【伝道師パウロ】人は変わる!「目から鱗(うろこ)が落ちる」お話

目から鱗(うろこ)が落ちる

 私たちは「目から鱗が落ちたようだ」という言葉を耳にすることがあります。

その意味は割の多くの人が良く知っているかと思いますが、それまでよくわからなかったことが何かの出来事によったり視点を変えた事によって、すっきりとわかるようになる事を言います。

 「この機械の操作法が良くわからないまま使っていたが、あなたの説明ですべてわかりました。目から鱗が落ちたようです」というような感じで使われます。

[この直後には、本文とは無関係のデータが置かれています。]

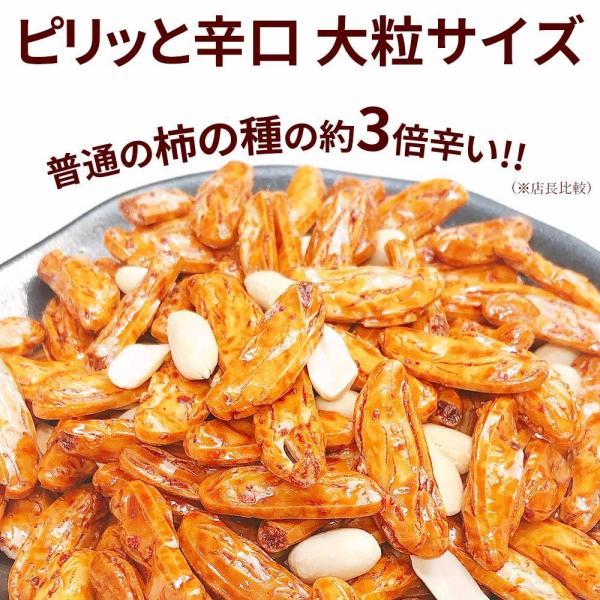 大辛口 柿の種 ピーナッツ入り 1kg 業務用 大容量 ビックサイズ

でも「目から鱗が落ちる」という言葉、よく考えると変なシチュエーションですよね。

「目に鱗がくっついていたのだろうか?」「鱗を目に付ける習慣があったのかな?」

鱗が落ちて視界が開けてよく目が見えるようになるというのは理解ができるし、とても分かりやすいのですが、なぜこういう表現ができたのかについては興味があるところです。

 実はこの言葉は聖書から来た言葉でした。

The scales fall from one’s eyes.

 この言葉の由来は、新約聖書の使徒言行録(使徒行伝)第9章にあります。

原文では The scales fall from one’s eyes.となっています。

scaleは「鱗」や「鱗片」あるいは「人の目を曇らせるもの」という意味があります。

良く知られているscaleの意味としては「目盛り」や「縮尺」などがありますが、実はこんな意味もあるのです。

使徒言行録はキリスト教の始まりの時期の様子が描かれたもので、とりわけ有名な2人の使徒であるペトロとパウロの活躍が多く描かれています。使徒と言うのはイエスの直接の弟子たち(高弟たち)の事で、彼らはキリスト教の初期に重要な宣教活動を行いました。

 中でもパウロは「キリスト教最大の伝道者」と言われていた人物です。最初は厳格なユダヤ教信徒でイエスを迫害する立場にいましたが、のちに劇的にその考えを変えてキリスト教へと改宗をしました。

ヘブライ語での呼び名は「サウロ」でしたが、布教活動をするようになりギリシャ名の「パウロを名乗るようになりました。

目から鱗の逸話

 サウロ(のちのパウロ)はキリスト教徒を迫害するためダマスコという所へ向かっている時、その当時の一番の敵であるイエスに出会います。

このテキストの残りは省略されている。